Passing Ships

Rajiv Chowk Metro Station

Delhi

8:30am

My heart pounded as the queue slowly inched to the security metal detector.

Damn that alarm. First day on the job, can’t be late.

The machine beeped when I passed it the same as it beeped for everyone else. The cop gave me a cursory frisking and sent me on. I jogged down to the platform, just in time to see the train slip past me into the tunnel. The display announced the next one in five minutes.

I paced the platform. I tried to breathe deeply like my mother said I should to calm down, but that didn’t help. The platform began to fill up with passengers again.

That was the moment I felt my life could change forever. There one sight, that was all it took. About fifteen yards away, she stood there. I had never seen her before, but I could stand there and look at her forever.

She wore tight blue jeans and a pink pull-over on which her curly hair cascaded in apparent disarray. My thoughts were in a jumble.

Check your tie, are your shoelaces tied properly? Stand up straight, don’t slouch. Above all, look natural.

I gazed down at my shoes, when I looked up, she was looking directly at me. Not behind me, not beside me, but directly at me. She smiled. At that instant, I was sure, somehow she felt for me. A strange sort of telepathy seemed to have occurred. I had to act.
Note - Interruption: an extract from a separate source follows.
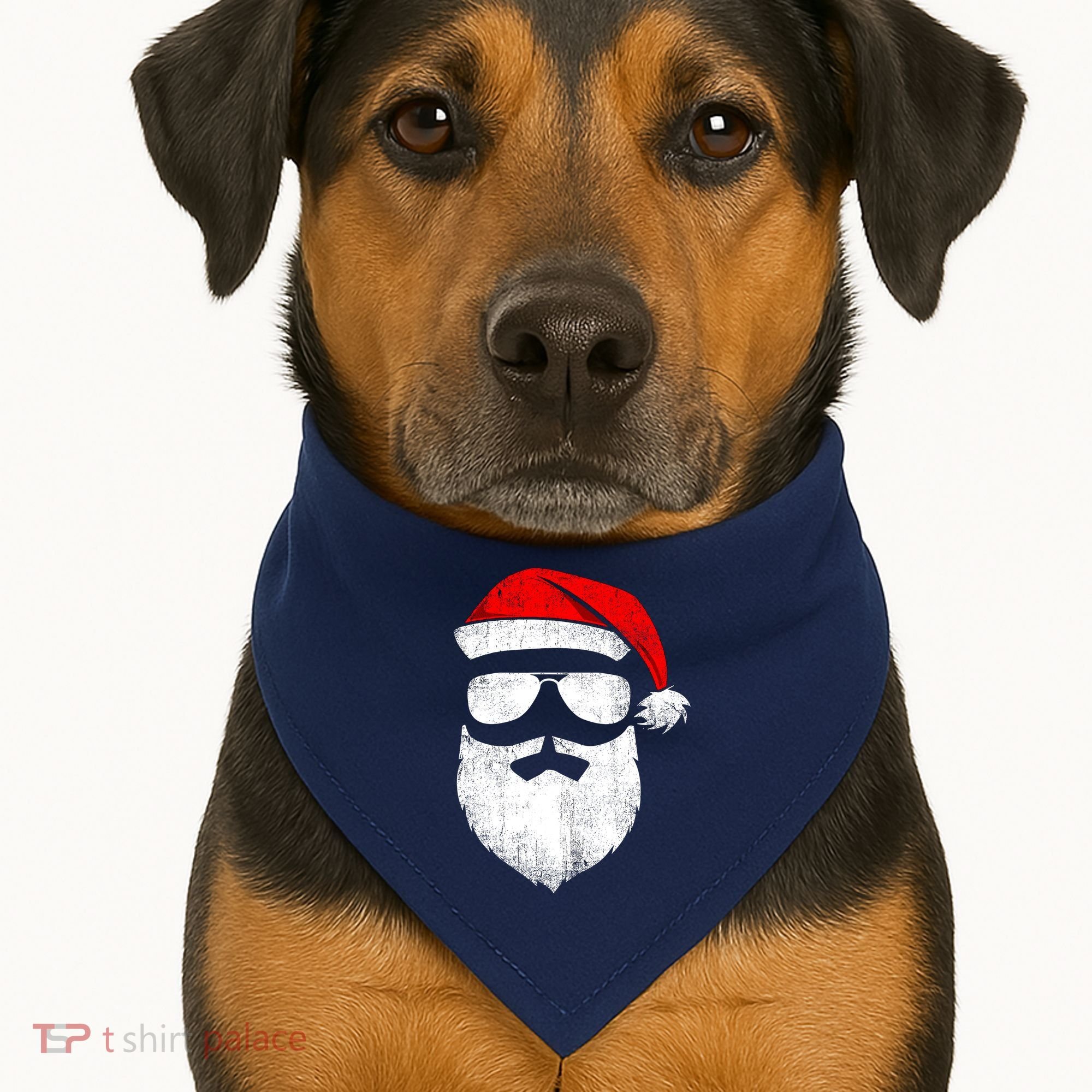 Funny Santa Claus Face Sunglasses With Hat Beard Christmas USA-Made Doggie Bandana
Go up to her? Then what? What if she thinks I am a creep? Tell a joke, break the ice? What jokes? Don’t remember anything more than WhatsApp forwards. Do something dammit, the moment is passing!
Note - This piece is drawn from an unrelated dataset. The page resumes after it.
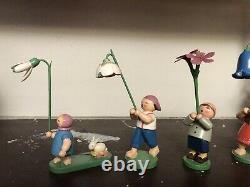 Vintage German Erzgebirge Wendt & Kuhn Flower Children set of 6 RARE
My thoughts were interrupted as the train pulled in and a flood of passengers streamed out between us. I felt propelled forward by the rush of passengers behind me. Before I knew it I was inside the coach, with my face pressed against a stranger’s arm.
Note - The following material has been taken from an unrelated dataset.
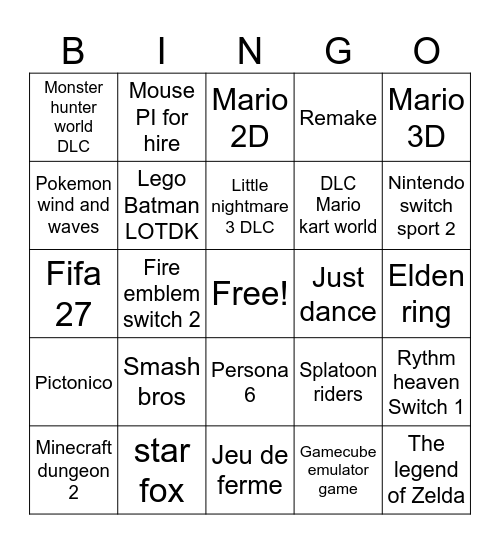 Raph nintendo direct 9 juin bingo Card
No not now! Fight it. If its for real she would have felt it too. Go now.

I shoved for the door. I pushed aside a harried delivery boy and sent his parcel to the floor. I finally exited a second before the doors closed to the curses of those I left inside.

Would she be there? Please God let her be there.

She was there.

The smile on her face was the sweetest thing I have ever seen and her eyes were filled with indescribable love for her husband who had just stepped out of the train.